A Fermat pseudoprime ${\displaystyle \scriptstyle q\,}$, to a given base ${\displaystyle \scriptstyle a\,}$ coprime to ${\displaystyle \scriptstyle q\,}$, is a composite number that satisfies the congruence ${\displaystyle \scriptstyle a^{q-1}\,\equiv \,1{\pmod {q}}\,}$ (from Fermat's little theorem.) There are infinitely many such pseudoprimes, they are "sparsely distributed," enabling the theorem to be used as a reasonable step in primality testing [1] (although not sufficient for primality proving.)

The Fermat pseudoprimes to base 2 are referred to as the Poulet numbers.

It is sufficient that the base ${\displaystyle \scriptstyle a\,}$ satisfies ${\displaystyle \scriptstyle 2\,\leq \,a\,\leq \,q-2\,}$ because every odd number ${\displaystyle \scriptstyle q\,}$ satisfies ${\displaystyle \scriptstyle a^{q-1}\,\equiv \,1{\pmod {q}}\,}$ for ${\displaystyle \scriptstyle a\,=\,q-1.\,}$[2] This is simple to see since ${\displaystyle \scriptstyle q-1\,\equiv \,-1{\pmod {q}}\,}$ and thus ${\displaystyle \scriptstyle (q-1)^{q-1}\,\equiv \,(-1)^{q-1}\,\equiv \,1{\pmod {q}}\,}$ since ${\displaystyle \scriptstyle q-1\,}$ is even.

It is furthermore sufficient that the base ${\displaystyle \scriptstyle a\,}$ satisfies ${\displaystyle \scriptstyle 2\,\leq \,a\,\leq \,{\frac {q-1}{2}}\,}$ because every odd number ${\displaystyle \scriptstyle q\,}$ satisfies ${\displaystyle \scriptstyle (q-a)^{q-1}\,\equiv \,a^{q-1}{\pmod {q}},\,1\,\leq \,a\,\leq \,{\frac {q-1}{2}}\,}$. This is simple to see since ${\displaystyle \scriptstyle q-a\,\equiv \,-a{\pmod {q}}\,}$ and thus ${\displaystyle \scriptstyle (q-a)^{q-1}\,\equiv \,(-a)^{q-1}\,\equiv \,a^{q-1}{\pmod {q}}\,}$ since ${\displaystyle \scriptstyle q-1\,}$ is even.

To every odd Fermat pseudoprime ${\displaystyle \scriptstyle q\,}$ exists an even number of bases ${\displaystyle \scriptstyle a\,}$. Every base ${\displaystyle \scriptstyle a\,}$ has a cobase ${\displaystyle \scriptstyle a'\,=\,q-a\,}$.

Examples:

15 is a Fermat pseudoprime to the bases 4 and 11
49 is a Fermat pseudoprime to the bases 18, 19, 30 and 31

If ${\displaystyle \scriptstyle q\,}$ is a Fermat pseudoprime to base ${\displaystyle \scriptstyle a\,}$ then ${\displaystyle \scriptstyle q\,}$ is a Fermat pseudoprime to base ${\displaystyle \scriptstyle b\cdot q+a\,}$ for every integer ${\displaystyle \scriptstyle b\,\geq \,0\,}$.

Example: 33 is a Fermat pseudoprime to the bases 10 and 23. So ${\displaystyle \scriptstyle q\,=\,33\,}$ is a Fermat pseudoprime to every natural number ${\displaystyle \scriptstyle 33q+10\,}$ (10, 43, 76, 109, ...) and ${\displaystyle \scriptstyle 33q+23\,}$ (23, 56, 89, 122, ...).

The Carmichael numbers (Cf.
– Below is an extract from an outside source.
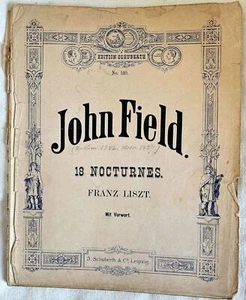 JOHN FIELD 18 NOCTURNES FRANZ LISZT ANFANG DES 20. JAHRHUNDERTS PARTITUR KLAVIER - Bild 1 von 1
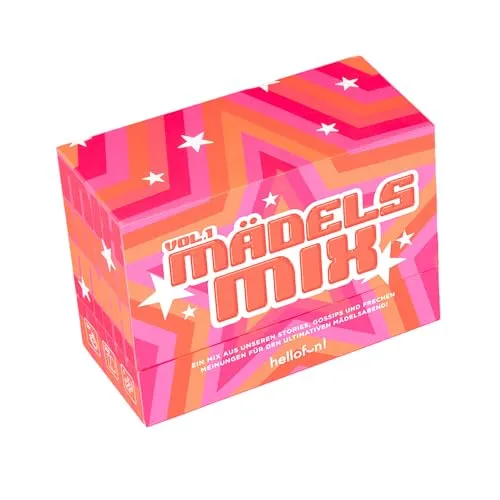 Hellofun!, Mädels Mix Vol. 1, Partyspiel mit Geständnissen und lustigen Challenges, ideal für den perfekten Junggesellinnenabschied, Für 3 Spieler ab 18 Jahren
A002997) are composite numbers ${\displaystyle \scriptstyle q\,}$ such that ${\displaystyle \scriptstyle a^{q-1}\,\equiv \,1{\pmod {q}}\,}$ for all bases ${\displaystyle \scriptstyle a\,}$ coprime to ${\displaystyle \scriptstyle q\,}$.

For example, 561 = 3 × 11 × 17, so 561 is Fermat pseudoprime for all bases ${\displaystyle \scriptstyle a\,}$ coprime to 3, 11, 17.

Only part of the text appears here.